BiRNN classifier

Sentiment Analysis: Using Recurrent Neural Networks

Sentiment RNN

Sentiment classification on IMDb: pretrained word vectors → bidirectional LSTM → linear head. Standard pre-Transformer text-classification recipe.

The encoder reads the review left-to-right and right-to-left; concatenated final hidden states feed a binary classifier. GloVe gives a strong initialization that the LSTM then specializes for sentiment.

Pipeline

GloVe embeddings → BiLSTM → output classifier.

Setup

from d2l import jax as d2l
import jax
from jax import numpy as jnp
import flax
from flax import linen as nn
import optax
import numpy as np

batch_size = 64
train_iter, test_iter, vocab = d2l.load_data_imdb(batch_size)

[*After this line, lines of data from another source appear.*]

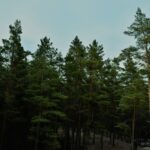 Ayudas Reforestación CyL (2023) Ayudas para la reforestación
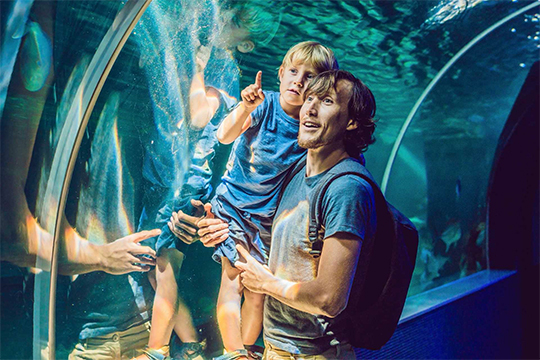 Schneider Electric partners with ELSS group to improve aquarium sustainability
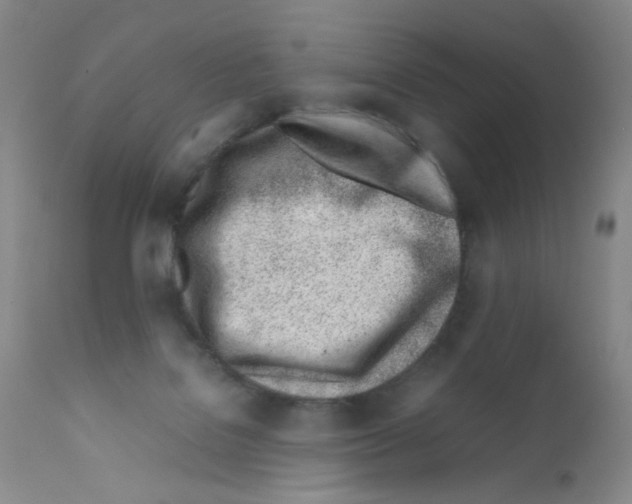 X0000111780076200909031143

Class definition: embedding -> bidirectional LSTM -> concatenate the first and last hidden states -> 2-way decoder. The decoder input has width 4h: two directions times two endpoint states.

class BiRNN(nn.Module):
    vocab_size: int
    embed_size: int
    num_hiddens: int
    num_layers: int

    def setup(self):
        self.embedding = nn.Embed(self.vocab_size, self.embed_size)
        # Forward and backward LSTMs for bidirectional encoding
        self.forward_rnn = nn.RNN(
            nn.OptimizedLSTMCell(self.num_hiddens), reverse=False)
        self.backward_rnn = nn.RNN(
            nn.OptimizedLSTMCell(self.num_hiddens), reverse=True)
        self.decoder = nn.Dense(2)

    def __call__(self, inputs):
        # The shape of `inputs` is (batch size, no. of time steps)
        embeddings = self.embedding(inputs)
        # Run forward and backward RNNs
        # Each output shape is (batch size, no. of time steps, num_hiddens)
        forward_out = self.forward_rnn(embeddings)
        # Flax's `nn.RNN(..., reverse=True)` un-reverses its output back to
        # input order, so `backward_out[:, 0, :]` corresponds to the
        # backward LSTM having consumed the entire reversed sequence (its
        # *final* hidden) while `forward_out[:, -1, :]` is the forward
        # LSTM's final hidden. Concatenate these two: shape (batch size,
        # 2 * num_hiddens).
        backward_out = self.backward_rnn(embeddings)
        encoding = jnp.concatenate(
            [forward_out[:, -1, :], backward_out[:, 0, :]], axis=1)
        outs = self.decoder(encoding)
        return outs

BiRNN instance

Instantiate a 2-layer BiLSTM with 100-dimensional embeddings and 100 hidden units. Frameworks initialize recurrent weights differently, but the model contract is the same:

embed_size, num_hiddens, num_layers, devices = 100, 100, 2, d2l.try_all_gpus()
net = BiRNN(len(vocab), embed_size, num_hiddens, num_layers)
# JAX/Flax modules are initialized lazily; we initialize parameters here
dummy_input = jnp.ones((1, 500), dtype=jnp.int32)
params = net.init(jax.random.PRNGKey(0), dummy_input)

Loading pretrained GloVe

Use 100-dim GloVe vectors trained on Wikipedia + Gigaword. Initialize the embedding layer from them; freeze or fine-tune (we fine-tune):

glove_embedding = d2l.TokenEmbedding('glove.6b.100d')
embeds = glove_embedding[vocab.idx_to_token]
embeds.shape
(49346, 100)
# Set pretrained embedding weights in the parameters
params = flax.core.unfreeze(params)
params['params']['embedding']['embedding'] = jnp.array(embeds)
params = flax.core.freeze(params)

Training

Standard cross-entropy + Adam. Watch validation accuracy, not just training loss; sentiment models overfit quickly on IMDb if the embedding and classifier are too large:

lr, num_epochs = 0.01, 5
# Work with the inner params dict directly so JIT caches across iterations
params_p = params['params']
optimizer = optax.adam(lr)
opt_state = optimizer.init(params_p)
loss_fn = optax.softmax_cross_entropy_with_integer_labels

@jax.jit
def train_step(params_p, opt_state, X, y):
    def compute_loss(p):
        logits = net.apply({'params': p}, X)
        return loss_fn(logits, y).mean(), logits
    (loss, logits), grads = jax.value_and_grad(
        compute_loss, has_aux=True)(params_p)
    updates, opt_state = optimizer.update(grads, opt_state, params_p)
    params_p = optax.apply_updates(params_p, updates)
    return params_p, opt_state, loss, logits

@jax.jit
def eval_step(params_p, X):
    return net.apply({'params': params_p}, X)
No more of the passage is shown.